Peter J. Leithart
September 21, 2011
Category: Bible - OT - Deuteronomy,Hermeneutics
The NASB renders Deuteronomy 30:9 this way: “Then the Lord your God will prosper you abundantly in all the work of your hand, in the offspring of your body and in the offspring of your cattle and in the produce of your ground, for the Lord will again rejoice over you for good, just as He rejoiced over your fathers.”
If you follow the literal translations in the margin, it comes out this way: “Then the Lord your God will make you have excess for good in all the work of your hand, in the fruit of your womb and in the fruit of your cattle and in the fruit of your ground, for the Lord will again rejoice over you for good, just as he rejoiced over your fathers.”
What’s lost in translation? One might say nothing substantive is lost. But a great deal of the artistry of the verse is suppressed.

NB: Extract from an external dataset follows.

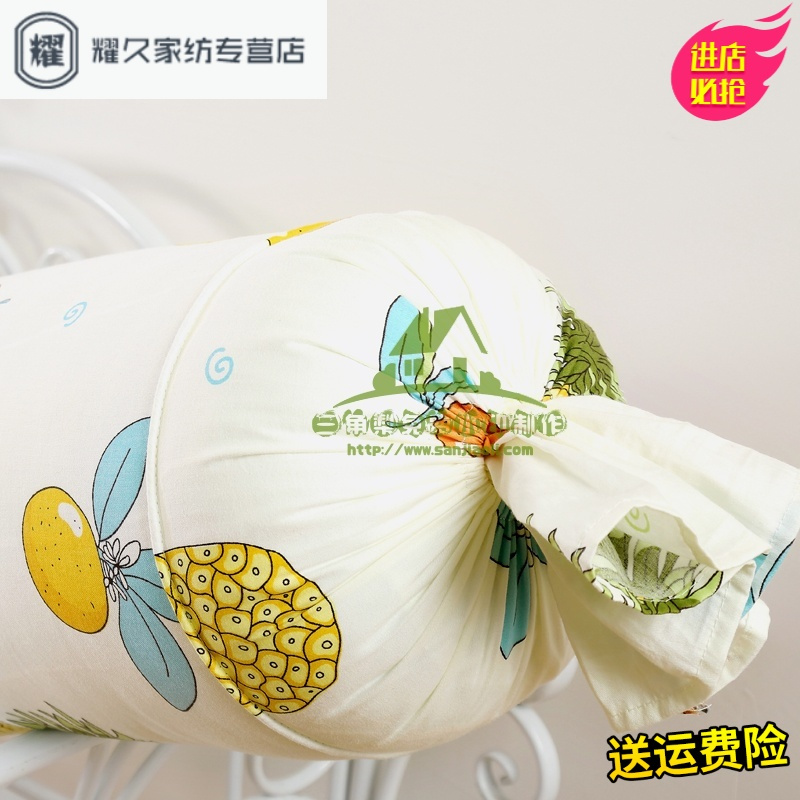 永德吉新款全棉圆柱形抱枕长条靠枕枕头卡通糖果枕办公室沙腰靠靠垫可拆洗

First, the NASB translation of the first clause as “will prosper you abundantly” makes it impossible to see that the verse is framed by references to Yahweh’s intention “for good.” The verse begins with “Lord will make you have excess for good” and ends with “the Lord will again rejoice over you for good.” The inclusio is elided.
Second, by translating “fruit” in two different ways – “offspring” and “produce” – the NASB translation again suppresses the poetry because it suppresses the poetic repetition. The reader then misses the opportunity to think of children, calves, and plants as varieties of “fruit,” and misses the opportunity also to consider how a mother’s womb is like the womb of a cow and like the womb of the earth that produces fruit.

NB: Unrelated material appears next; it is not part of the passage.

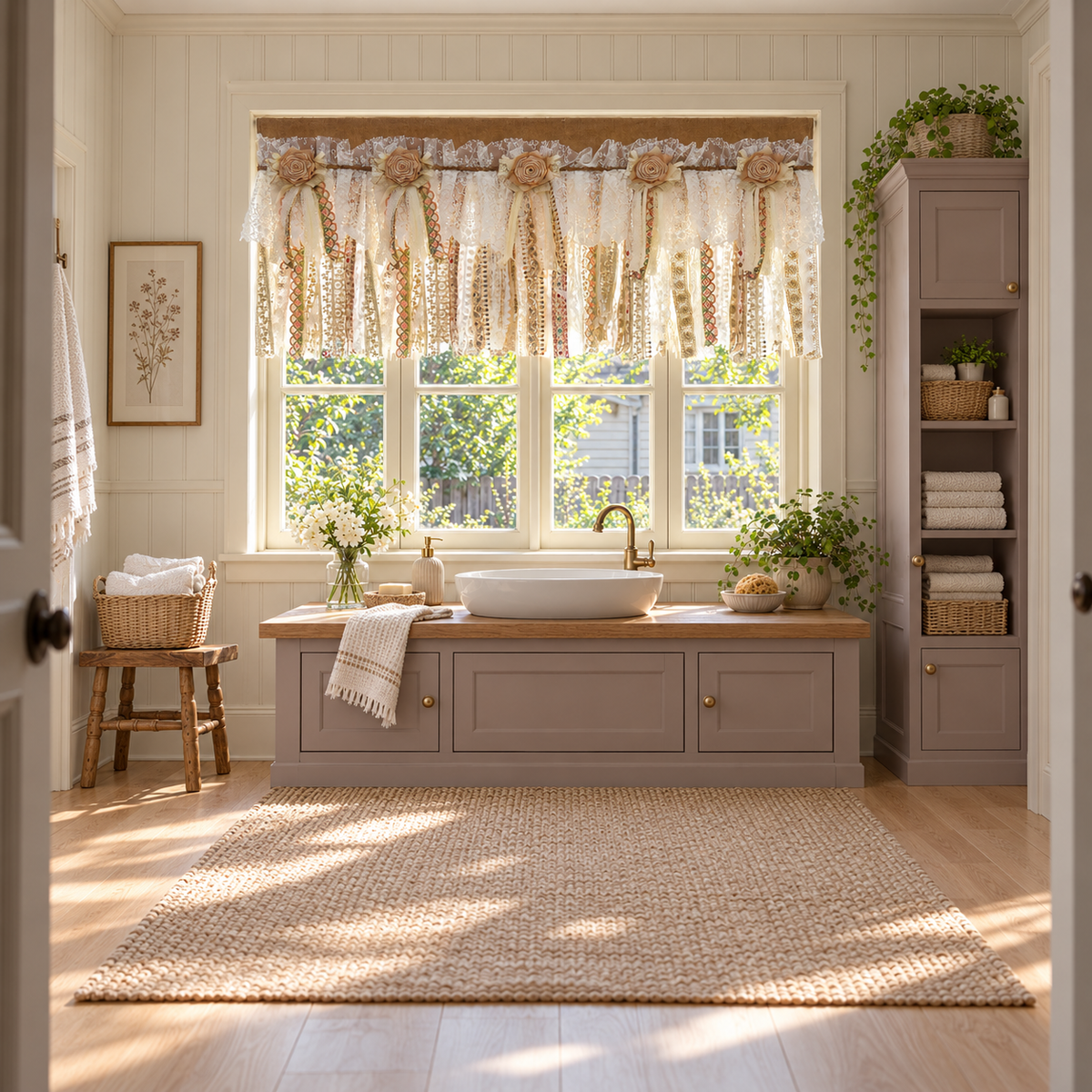 Burlap and Sequin Lace Valance - room setting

Third, structurally, the use of “offspring” and “produce” instead of fruit misses the intriguing numerological structure in the center of the verse. ”The good” that Yahweh makes and rejoices over is unpacked with four phrases – work of hand, fruit of womb, fruit of cattle, fruit of ground. That fourfold good is a global good, a good to the four corners, to the four points of the compass, a good in four dimensions of Israel’s agrarian life. But that fourfold good is divided by a 1 + 3 structure. Why? Why not use “fruit” throughout? Why not “fruit of the hands”? Whatever the answer to that question, the hand and its work is distinguished from the fruit that comes from womb, cattle, and ground. There’s a reason for that, but the reader of the NASB is never invited to consider that reason because the translation obscures the 1+ 3.
This text is an example of bad translation because there appears to be no rationale for the non-literal translation. We may not readily talk of the “fruit of the womb,” but the phrase is perfectly sensible. Why change it? ”Yahweh your God will make you have excess for good” is awkward, but it’s also perfectly sensible. I’m baffled by the translators’ decisions here.